Entscheidung: Der Bundesfinanzhof (BFH) gab den Eheleuten im Grundsatz Recht. Zwar sind Aufwendungen, die geleistet werden, um den existenziellen Wohnbedarf abzudecken, grundsätzlich keine außergewöhnlichen Belastungen; denn hierbei handelt es sich um typische Kosten der Lebensführung, die jedem Steuerpflichtigen entstehen.
Anders ist dies jedoch, wenn es um Aufwendungen für eine Ersatzwohnung geht, weil die erste Wohnung nicht mehr bewohnbar ist. Der BFH sah die Voraussetzungen für außergewöhnliche Belastungen als erfüllt an:
* Die Erstwohnung war aufgrund der Ordnungsverfügung nicht mehr bewohnbar. Daher waren die Kosten für die Zweitwohnung als zwangsläufig anzusehen.
* Die Eheleute traf kein Verschulden daran, dass die Erstwohnung nicht mehr bewohnbar war.
* Das Ehepaar hatten keinerlei Ersatzansprüche gegen Dritte, etwa gegen den Verkäufer der Wohnung,, die die außergewöhnlichen Belastungen hätten mindern können.
* Eine allgemein übliche und zugängliche Versicherungsmöglichkeit gegen die Folgen einer Ordnungsverfügung bestand nicht.
Damit können die Kosten für eine angemessene Ersatzwohnung grundsätzlich als außergewöhnliche Belastungen geltend machen. Allerdings schränkt der BFH die Dauer des Zeitraums ein, für den die Aufwendungen für die Ersatzwohnung berücksichtigt werden dürfen:
* Anzuerkennen ist nur der Zeitraum, der erforderlich ist, um die Erstwohnung wieder in einen bewohnbaren Zustand zu versetzen.
* Ist eine Wiederherstellung der Erstwohnung nicht möglich, so können die Aufwendungen für die Ersatzwohnung nur bis zu dem Zeitpunkt berücksichtigt werden, in dem für den Steuerpflichtigen klar ist, dass er die Erstwohnung nicht mehr nutzen kann.

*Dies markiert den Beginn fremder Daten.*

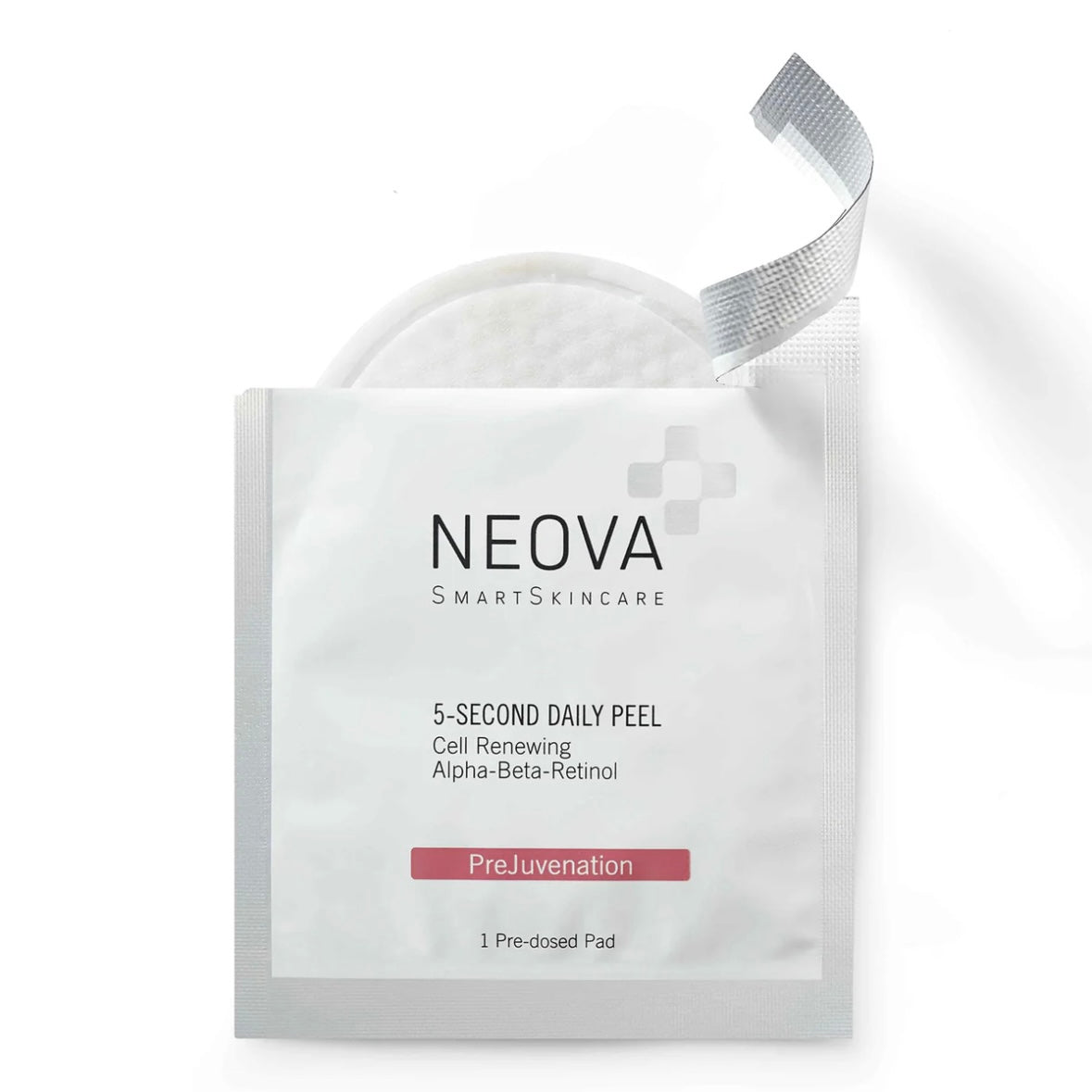 5-Second Daily Peel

Zusätzlich kann dann noch eine weitere Frist für die Neuordnung der Wohnverhältnisse, d. h. endgültige Aufgabe der Erstwohnung und Umzug in eine neue Wohnung, berücksichtigt werden.
Hinweis: Der BFH wies die Sache zur weiteren Aufklärung an die erste Instanz zurück. Denn diese muss nun feststellen, ob die Erstwohnung wirklich selbstgenutzt wurde. Sollte sie vermietet worden sein oder leer gestanden haben, wären keine außergewöhnlichen Belastungen anzuerkennen.